Work order: Set down the data again in full, keeping every line exactly as it is.

Information shown:
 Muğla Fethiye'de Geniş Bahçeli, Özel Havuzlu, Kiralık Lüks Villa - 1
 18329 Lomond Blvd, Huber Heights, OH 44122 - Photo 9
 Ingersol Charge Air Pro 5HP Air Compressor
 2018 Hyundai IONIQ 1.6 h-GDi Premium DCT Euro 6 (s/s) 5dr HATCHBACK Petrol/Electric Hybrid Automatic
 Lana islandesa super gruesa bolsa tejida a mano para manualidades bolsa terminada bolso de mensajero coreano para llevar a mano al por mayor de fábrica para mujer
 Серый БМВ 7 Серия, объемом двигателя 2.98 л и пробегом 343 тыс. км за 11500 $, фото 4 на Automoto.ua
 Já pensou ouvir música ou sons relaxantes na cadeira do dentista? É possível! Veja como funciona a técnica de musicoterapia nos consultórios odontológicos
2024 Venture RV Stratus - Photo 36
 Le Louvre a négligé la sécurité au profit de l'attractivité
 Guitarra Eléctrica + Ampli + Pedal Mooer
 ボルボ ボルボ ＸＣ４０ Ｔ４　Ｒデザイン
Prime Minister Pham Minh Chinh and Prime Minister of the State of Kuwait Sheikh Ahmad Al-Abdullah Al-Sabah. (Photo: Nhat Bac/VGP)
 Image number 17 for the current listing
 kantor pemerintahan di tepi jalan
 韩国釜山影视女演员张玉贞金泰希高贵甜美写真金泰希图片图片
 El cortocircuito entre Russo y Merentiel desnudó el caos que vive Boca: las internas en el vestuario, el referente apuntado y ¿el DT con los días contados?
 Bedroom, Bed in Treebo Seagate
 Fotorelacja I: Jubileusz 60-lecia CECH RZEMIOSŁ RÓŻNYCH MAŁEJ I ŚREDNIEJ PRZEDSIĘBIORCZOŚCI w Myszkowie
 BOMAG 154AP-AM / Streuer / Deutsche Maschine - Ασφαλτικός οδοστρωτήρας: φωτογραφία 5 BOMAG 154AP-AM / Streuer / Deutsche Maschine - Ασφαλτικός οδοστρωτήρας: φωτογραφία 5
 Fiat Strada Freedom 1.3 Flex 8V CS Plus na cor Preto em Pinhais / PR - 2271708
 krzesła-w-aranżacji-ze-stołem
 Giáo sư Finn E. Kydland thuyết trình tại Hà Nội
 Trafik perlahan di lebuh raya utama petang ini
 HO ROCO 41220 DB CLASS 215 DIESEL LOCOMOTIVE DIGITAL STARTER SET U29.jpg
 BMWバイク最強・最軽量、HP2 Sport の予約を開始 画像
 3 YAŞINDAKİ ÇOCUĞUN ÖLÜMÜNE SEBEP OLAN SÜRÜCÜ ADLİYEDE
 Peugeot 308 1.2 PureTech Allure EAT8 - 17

Final answer:
 Muğla Fethiye'de Geniş Bahçeli, Özel Havuzlu, Kiralık Lüks Villa - 1
 18329 Lomond Blvd, Huber Heights, OH 44122 - Photo 9
 Ingersol Charge Air Pro 5HP Air Compressor
 2018 Hyundai IONIQ 1.6 h-GDi Premium DCT Euro 6 (s/s) 5dr HATCHBACK Petrol/Electric Hybrid Automatic
 Lana islandesa super gruesa bolsa tejida a mano para manualidades bolsa terminada bolso de mensajero coreano para llevar a mano al por mayor de fábrica para mujer
 Серый БМВ 7 Серия, объемом двигателя 2.98 л и пробегом 343 тыс. км за 11500 $, фото 4 на Automoto.ua
 Já pensou ouvir música ou sons relaxantes na cadeira do dentista? É possível! Veja como funciona a técnica de musicoterapia nos consultórios odontológicos
2024 Venture RV Stratus - Photo 36
 Le Louvre a négligé la sécurité au profit de l'attractivité
 Guitarra Eléctrica + Ampli + Pedal Mooer
 ボルボ ボルボ ＸＣ４０ Ｔ４　Ｒデザイン
Prime Minister Pham Minh Chinh and Prime Minister of the State of Kuwait Sheikh Ahmad Al-Abdullah Al-Sabah. (Photo: Nhat Bac/VGP)
 Image number 17 for the current listing
 kantor pemerintahan di tepi jalan
 韩国釜山影视女演员张玉贞金泰希高贵甜美写真金泰希图片图片
 El cortocircuito entre Russo y Merentiel desnudó el caos que vive Boca: las internas en el vestuario, el referente apuntado y ¿el DT con los días contados?
 Bedroom, Bed in Treebo Seagate
 Fotorelacja I: Jubileusz 60-lecia CECH RZEMIOSŁ RÓŻNYCH MAŁEJ I ŚREDNIEJ PRZEDSIĘBIORCZOŚCI w Myszkowie
 BOMAG 154AP-AM / Streuer / Deutsche Maschine - Ασφαλτικός οδοστρωτήρας: φωτογραφία 5 BOMAG 154AP-AM / Streuer / Deutsche Maschine - Ασφαλτικός οδοστρωτήρας: φωτογραφία 5
 Fiat Strada Freedom 1.3 Flex 8V CS Plus na cor Preto em Pinhais / PR - 2271708
 krzesła-w-aranżacji-ze-stołem
 Giáo sư Finn E. Kydland thuyết trình tại Hà Nội
 Trafik perlahan di lebuh raya utama petang ini
 HO ROCO 41220 DB CLASS 215 DIESEL LOCOMOTIVE DIGITAL STARTER SET U29.jpg
 BMWバイク最強・最軽量、HP2 Sport の予約を開始 画像
 3 YAŞINDAKİ ÇOCUĞUN ÖLÜMÜNE SEBEP OLAN SÜRÜCÜ ADLİYEDE
 Peugeot 308 1.2 PureTech Allure EAT8 - 17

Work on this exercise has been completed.